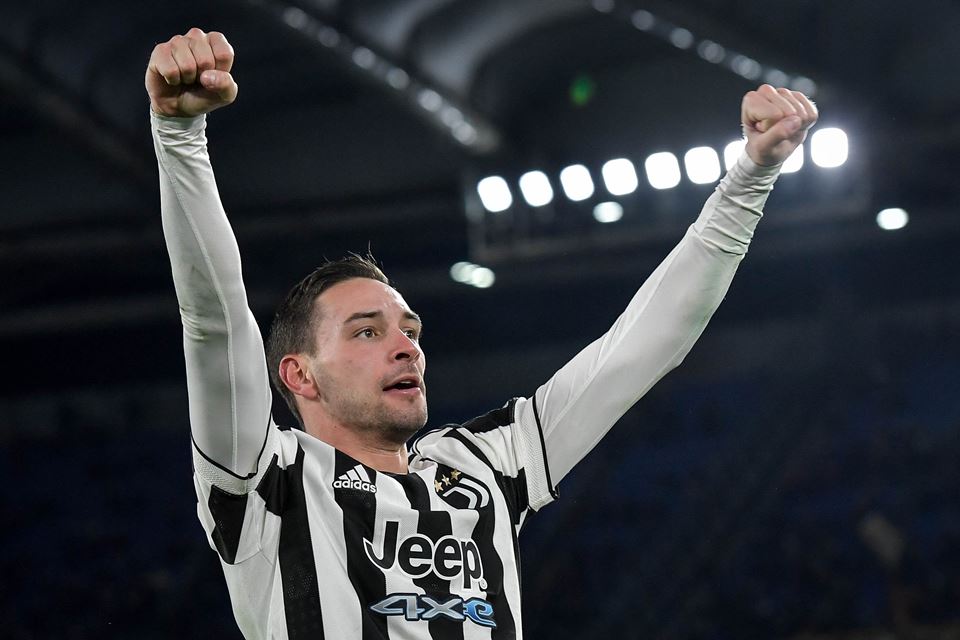 Bakal Turunkan Gaji, Fullback Juventus Siap Teken Kontrak Baru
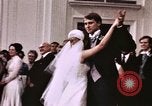 Immagine di Tricia il primo ballo di nozze Washington DC USA, 1971, secondo 62 filmato di repertorio 65675056991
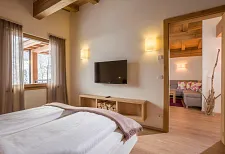 resorttirolniederwildenbachschlafzimmer_1.jpg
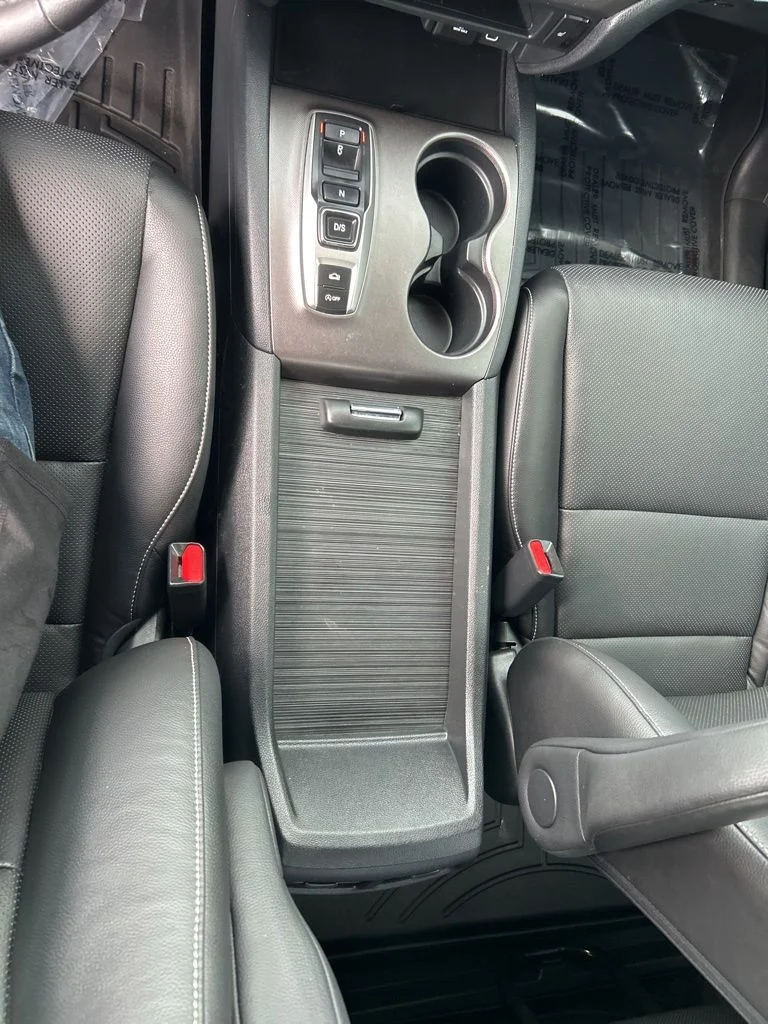 Used 2023  Honda RTL image 12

-*-

[What this task involves]
Return every line of the listing exactly, leaving its pictures behind.

[Answer section]
 Bakal Turunkan Gaji, Fullback Juventus Siap Teken Kontrak Baru
 Immagine di Tricia il primo ballo di nozze Washington DC USA, 1971, secondo 62 filmato di repertorio 65675056991
 resorttirolniederwildenbachschlafzimmer_1.jpg
 Used 2023  Honda RTL image 12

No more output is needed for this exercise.